(Crawled caption data)
++++++

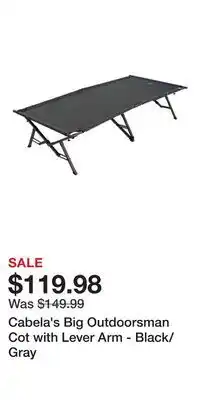Cabela's Cabela's Big Outdoorsman Cot with Lever Arm - Black/Gray offer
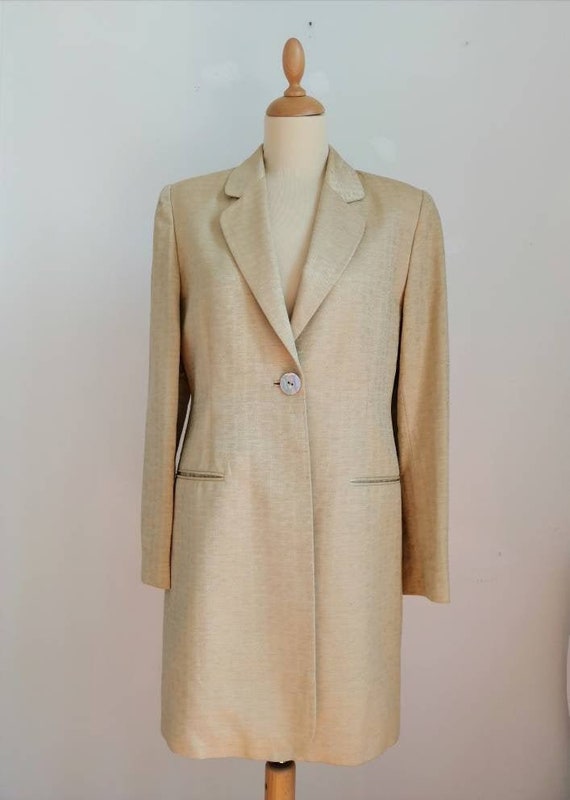 Vintage 90s coat, mod duster coat, golden trench,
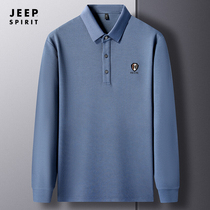 JEEP gipsang silk long sleeve t-shirt male spring autumn money for middle-aged business casual turtlenecks Paul polo shirt blouse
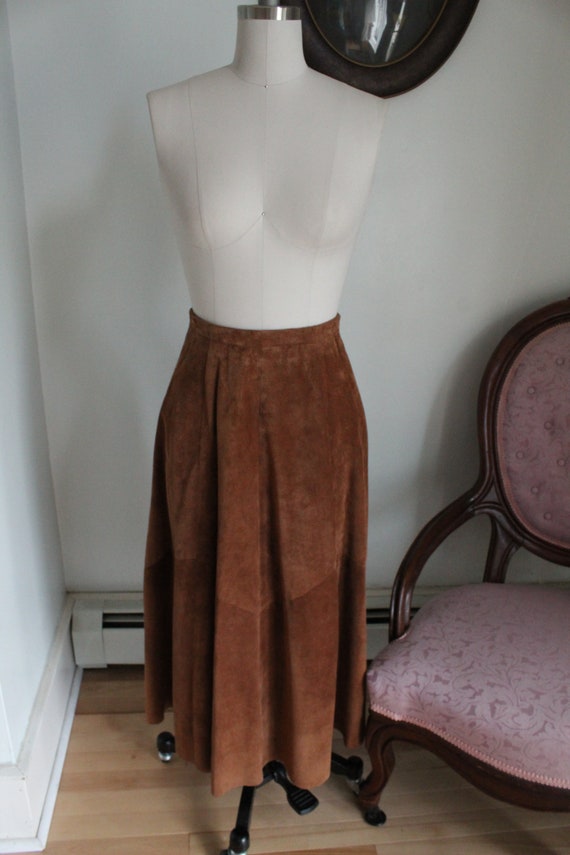 Brown Suede Brooks Brothers Maxi Skirt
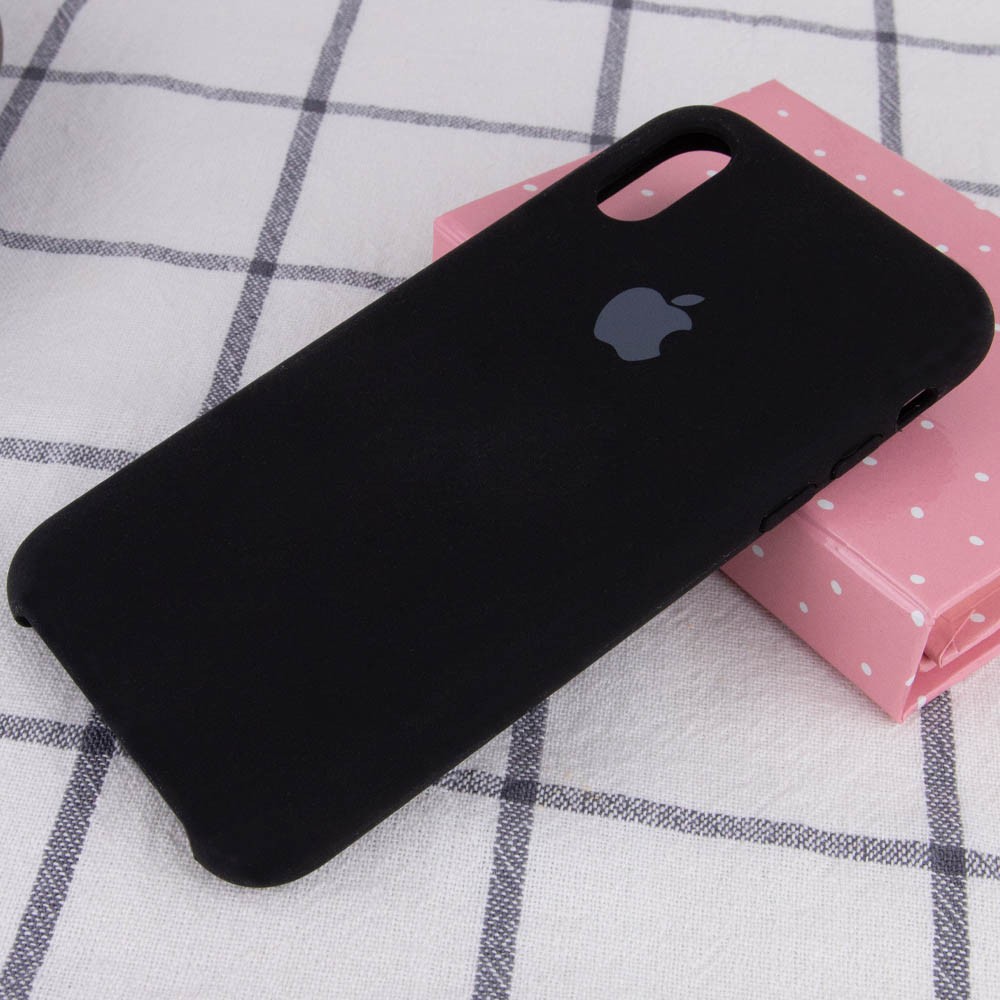 Silicone Case (AA) для iPhone X / XS (5.8") (Black)-1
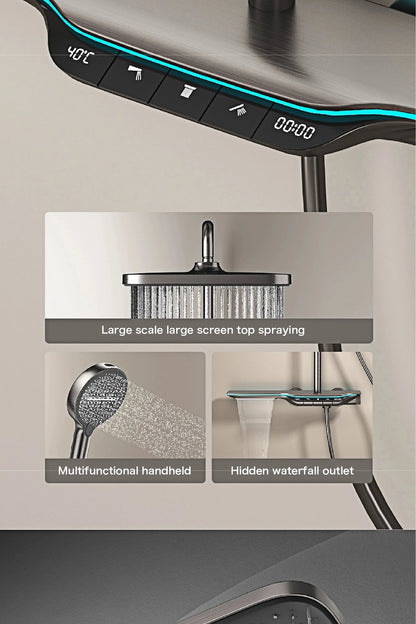 Luxury Brass Gun Gray Shower System Intelligent Led
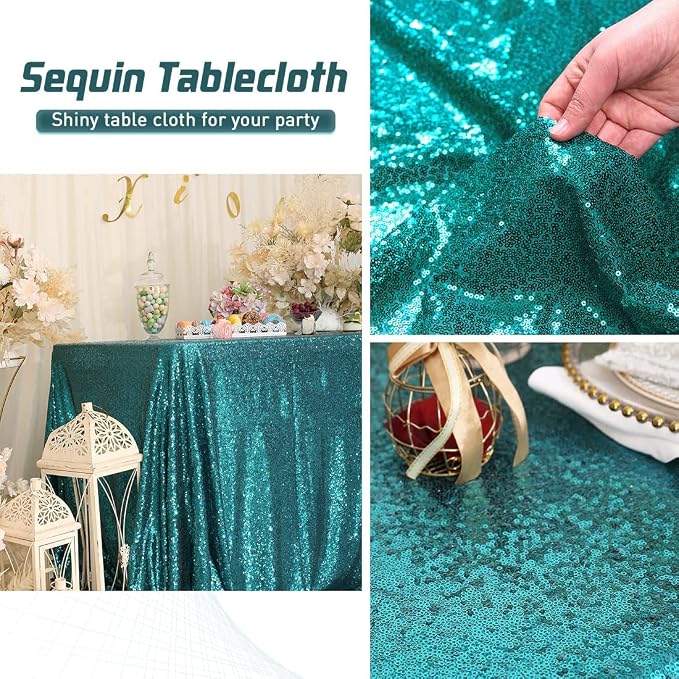 Eternal Beauty Teal Tablecloth, 90x156 Inch Sequin Rectangle Table Cover for Cake Dessert Exhibition Party Birthday Events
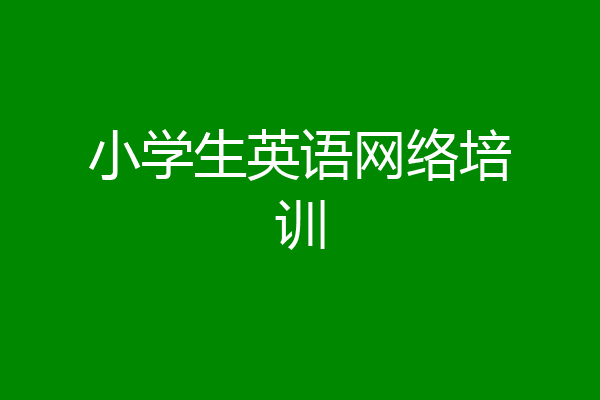 小学生英语网络培训
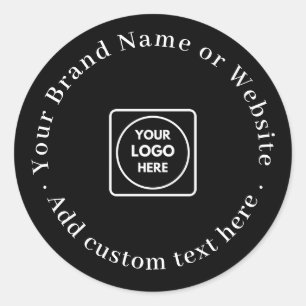 Black Round Sticker   Custom Modern Business Logo 
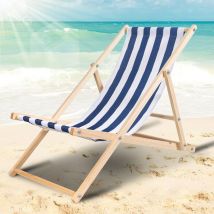 Chaise Longue Chilienne Pliable Terrasse Bois Chaise Longue Relax Pliable Bleu - Swanew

++++++

== Exercise instructions ==
Take the line that holds "Silicone Case (AA)" as the start and the last line of the data as the end. Copy only those lines exactly, both ends included, except the pictures.

== Task output ==
 Silicone Case (AA) для iPhone X / XS (5.8") (Black)-1
 Luxury Brass Gun Gray Shower System Intelligent Led
 Eternal Beauty Teal Tablecloth, 90x156 Inch Sequin Rectangle Table Cover for Cake Dessert Exhibition Party Birthday Events
 小学生英语网络培训
 Black Round Sticker   Custom Modern Business Logo 
 Chaise Longue Chilienne Pliable Terrasse Bois Chaise Longue Relax Pliable Bleu - Swanew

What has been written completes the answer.